Speed limits as low as 30km/h are likely to become commonplace in cities around the world if the recommendations of a road-safety Academic Experts Group (AEG) are adopted.
This was the view of AEG member, Prof Fred Wegman, delivering a plenary address at the 39th Southern African Transport Conference, held at the beginning of July under the theme ‘Sustainable Transportation Through Enabling Partnerships’.
Highlights of the AEG report, titled Saving lives beyond 2020: the next steps gave nine recommendations, including that “to protect vulnerable road users and achieve sustainability goals addressing liveable cities, health and security, AEG recommend that cities mandate a maximum road travel speed limit of 30km/h unless strong evidence exists that higher speeds are safe”.
The recommendations influenced a resolution on road safety adopted by the United Nations last year, proclaiming the second decade of road safety action from 2021-2030 and setting a target of reducing road deaths and injuries by 50% by 2030.
“As one of the co-sponsors of the resolution, South Africa is expected to take the recommendations seriously and look into applying them over the coming decade,” Prof Wegman said.

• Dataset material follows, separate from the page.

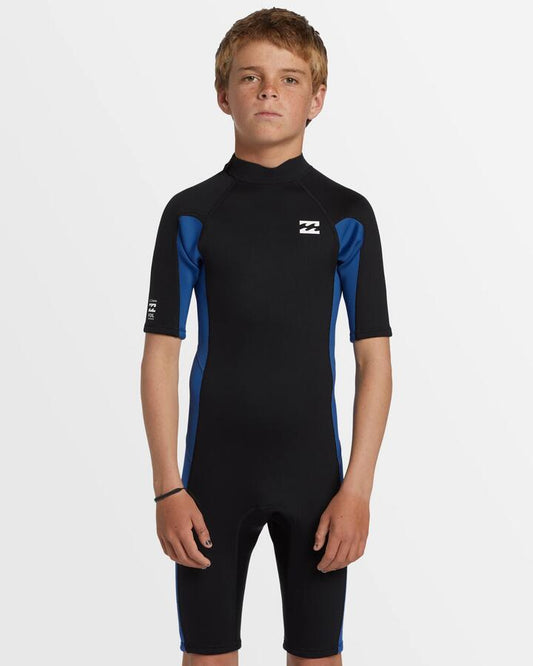 Image of a model wearing Tops. Productname: Billabong Boys 8-14 2/2 Foil Back Zip Springsuit Mid Blue - in Mid Blue colour by brand - Billabong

Prof Wegman presented research from Australia showing the relationship between impact speed and the chance of being killed or injured in a crash. “Basically, reducing impact speed in a crash significantly reduces passengers’ chances of being killed or injured,” he said.
Prof Wegman said the key to improving road safety was integrating it into sustainable development planning, and not subordinating it to other social needs. By including road safety in the UN Agenda for Sustainable Development 2030, AEG recognise that road deaths and serious injuries are amongst the most serious threats to people.
As part of this, urban speed limits needed to be seen as an integral part of achieving sustainability in urban areas. The 30km/h recommendation has already been widely adopted in countries such as The Netherlands, France and Spain.
“It has been highly successful in The Netherlands,” said Wegman. “Already 80% of the road length has 30km/h speed limits, and that has helped to drive a serious shift in thinking about what speed limits are safe in urban settings. Most importantly, the lower speed limits also serve other Sustainable Development Goals such as climate change, health and wellness, sustainable communities and affordable, clean energy,” said Prof Wegman.
Prof Wegman said measures like the 30km/h limits and other recommendations around roadworthiness, infrastructure and technology could be part of the evolution of road safety to achieve the stated UN goals of a 50% reduction in fatalities and injuries. He stressed that there was still a need for further engagement with the public and the private sector, and civil society to spread and refine the road-safety message.
“We need other non-traditional stakeholders to get involved, so we can develop new approaches to keeping people safe on the roads,” he said.
The Southern African Transport Conference drew over 550 delegates – municipal and provincial employees, policy and decision-makers, academics, researchers and students – from some 26 countries including US, Canada, China, Liberia, India, Nigeria, Uganda as well as the SADC region.
The event featured plenary sessions, a virtual exhibition space, online networking sessions, and presentations in categories including infrastructure, urban and public transport; aviation; maritime; public transport and spatial transportation; and traffic management, safety and security.